Tlogo, Tuntang, Kab. Semarang – Merti Bumi Serasi merupakan bentuk wujud rasa syukur masyarakat Kabupaten Semarang dalam rangka memperingati Hari Jadi Kabupaten Semarang yang dilaksanakan setiap tanggal 13 Maret. Rangkaian kegiatan ini diawali dari tingkat desa, berlanjut ke kecamatan, hingga ke tingkat kabupaten.
Di tingkat desa, kegiatan dimulai dengan Susuk Wangan, yaitu bersih-bersih sumber air, pengambilan air suci dari sendang (mata air), tasyakuran, hajatan, tumpengan, serta kegiatan spiritual dan sosial lainnya. Air yang diambil dari sendang dimasukkan ke dalam kendi, lalu diserahkan pada acara tasyakuran di tingkat kecamatan.
Setiap desa di Kecamatan Tuntang yang terdiri dari 16 desa mengirimkan air yang kemudian dijadikan satu sebagai simbol persatuan. Acara ini juga diiringi dengan prosesi penjemputan dan kirab dari kecamatan-kecamatan lain secara estafet, seperti Bringin yang rutenya itu Susukan, Suruh, Pabelan, Bancak, hingga Bringin dan berakhir di Tuntang. Setelah itu, air dikumpulkan di titik-titik kecamatan utama, seperti Bawen dan Ungaran, lalu diserahkan dalam prosesi adat di tingkat kabupaten.
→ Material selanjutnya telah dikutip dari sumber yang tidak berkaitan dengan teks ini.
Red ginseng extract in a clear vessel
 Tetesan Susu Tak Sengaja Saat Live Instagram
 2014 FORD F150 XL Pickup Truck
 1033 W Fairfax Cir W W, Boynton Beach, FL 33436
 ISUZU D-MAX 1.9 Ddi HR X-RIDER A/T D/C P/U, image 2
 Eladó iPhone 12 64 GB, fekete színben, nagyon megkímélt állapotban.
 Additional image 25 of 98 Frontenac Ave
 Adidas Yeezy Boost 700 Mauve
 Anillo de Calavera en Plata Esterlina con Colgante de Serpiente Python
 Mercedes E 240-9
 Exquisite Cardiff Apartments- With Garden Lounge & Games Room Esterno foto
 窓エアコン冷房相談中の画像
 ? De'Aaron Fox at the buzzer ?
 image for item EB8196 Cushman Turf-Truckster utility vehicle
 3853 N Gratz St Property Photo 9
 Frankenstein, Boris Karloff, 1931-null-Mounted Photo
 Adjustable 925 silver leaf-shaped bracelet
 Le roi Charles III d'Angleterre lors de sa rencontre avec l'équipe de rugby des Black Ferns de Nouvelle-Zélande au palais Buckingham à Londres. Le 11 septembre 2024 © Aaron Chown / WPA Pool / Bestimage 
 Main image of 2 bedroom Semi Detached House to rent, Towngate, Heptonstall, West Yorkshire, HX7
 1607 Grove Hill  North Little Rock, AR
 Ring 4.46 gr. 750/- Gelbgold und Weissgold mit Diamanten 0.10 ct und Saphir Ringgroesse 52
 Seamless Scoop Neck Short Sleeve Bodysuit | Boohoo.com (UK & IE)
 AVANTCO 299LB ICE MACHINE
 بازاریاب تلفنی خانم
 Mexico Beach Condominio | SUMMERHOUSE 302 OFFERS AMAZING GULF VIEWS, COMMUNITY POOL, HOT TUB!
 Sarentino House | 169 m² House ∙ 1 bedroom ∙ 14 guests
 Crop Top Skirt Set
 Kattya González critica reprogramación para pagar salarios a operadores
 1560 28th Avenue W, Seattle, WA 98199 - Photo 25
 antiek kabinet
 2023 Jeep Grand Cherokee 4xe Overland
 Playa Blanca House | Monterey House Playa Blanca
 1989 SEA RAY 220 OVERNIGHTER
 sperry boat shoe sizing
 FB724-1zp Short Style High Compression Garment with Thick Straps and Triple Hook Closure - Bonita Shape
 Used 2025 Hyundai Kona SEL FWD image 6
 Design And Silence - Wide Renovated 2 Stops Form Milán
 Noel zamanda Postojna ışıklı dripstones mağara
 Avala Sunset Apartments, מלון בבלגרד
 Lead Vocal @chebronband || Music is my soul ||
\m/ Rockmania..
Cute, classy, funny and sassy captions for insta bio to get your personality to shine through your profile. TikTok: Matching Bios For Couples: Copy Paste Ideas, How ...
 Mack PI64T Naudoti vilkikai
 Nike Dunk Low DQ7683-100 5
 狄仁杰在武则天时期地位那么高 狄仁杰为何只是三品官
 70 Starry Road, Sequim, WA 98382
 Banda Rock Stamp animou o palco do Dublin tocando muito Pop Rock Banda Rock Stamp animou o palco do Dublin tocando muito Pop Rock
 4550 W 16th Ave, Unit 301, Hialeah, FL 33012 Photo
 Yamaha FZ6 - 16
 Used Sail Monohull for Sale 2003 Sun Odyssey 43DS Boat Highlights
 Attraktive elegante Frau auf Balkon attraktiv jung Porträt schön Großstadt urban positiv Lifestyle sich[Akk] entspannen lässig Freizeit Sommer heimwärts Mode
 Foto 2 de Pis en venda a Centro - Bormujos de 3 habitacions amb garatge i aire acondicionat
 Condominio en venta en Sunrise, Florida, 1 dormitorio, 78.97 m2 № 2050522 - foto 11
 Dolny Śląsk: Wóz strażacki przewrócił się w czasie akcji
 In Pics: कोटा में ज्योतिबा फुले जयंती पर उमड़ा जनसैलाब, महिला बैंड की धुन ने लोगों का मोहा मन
Kegiatan ini dilaksanakan di seluruh desa dan kecamatan di Kabupaten Semarang, dimulai dari wilayah selatan dan timur, seperti Susukan hingga Tuntang, lalu dilanjutkan ke Bawen dan Ungaran sebagai pusat kegiatan tingkat kabupaten. Pihak yang terlibat secara langsung dalam pelaksanaan di tingkat kecamatan adalah seluruh perangkat desa, dinas instansi, dan panitia yang dibentuk khusus untuk kegiatan ini. Sementara itu, masyarakat umum diperbolehkan mengikuti sebagai penonton dan penyambut prosesi, terutama di sepanjang jalur arak-arakan dan hasil bumi.
Semangat dan partisipasi masyarakat dalam kegiatan ini tetap terjaga dan bahkan semakin meningkat dari tahun ke tahun. Hal ini karena kegiatan Merti Bumi Serasi telah menjadi rutinitas yang melekat pada kehidupan sosial budaya masyarakat.
Pendanaan kegiatan Merti Bumi Serasi berasal dari kesepakatan bersama antara desa, kecamatan, dan Organisasi Perangkat Daerah (OPD). Setiap kecamatan membentuk panitia dan merumuskan anggaran melalui Rencana Anggaran Biaya (RAB). Anggaran tersebut kemudian dibagi ke masing-masing desa dan instansi yang terlibat, sehingga pendanaan bersifat gotong-royong dan terorganisir.
Selama pelaksanaan Merti Bumi Serasi, tidak ditemukan adanya kendala. Hal ini dikarenakan kegiatan ini telah menjadi tradisi yang berjalan secara turun-temurun. Dengan demikian, masyarakat dan panitia sudah terbiasa dan memahami secara teknis serta spiritual mengenai apa saja yang harus dipersiapkan dan dilakukan. Kebiasaan ini menciptakan koordinasi yang baik serta kelancaran dalam setiap tahapan kegiatan.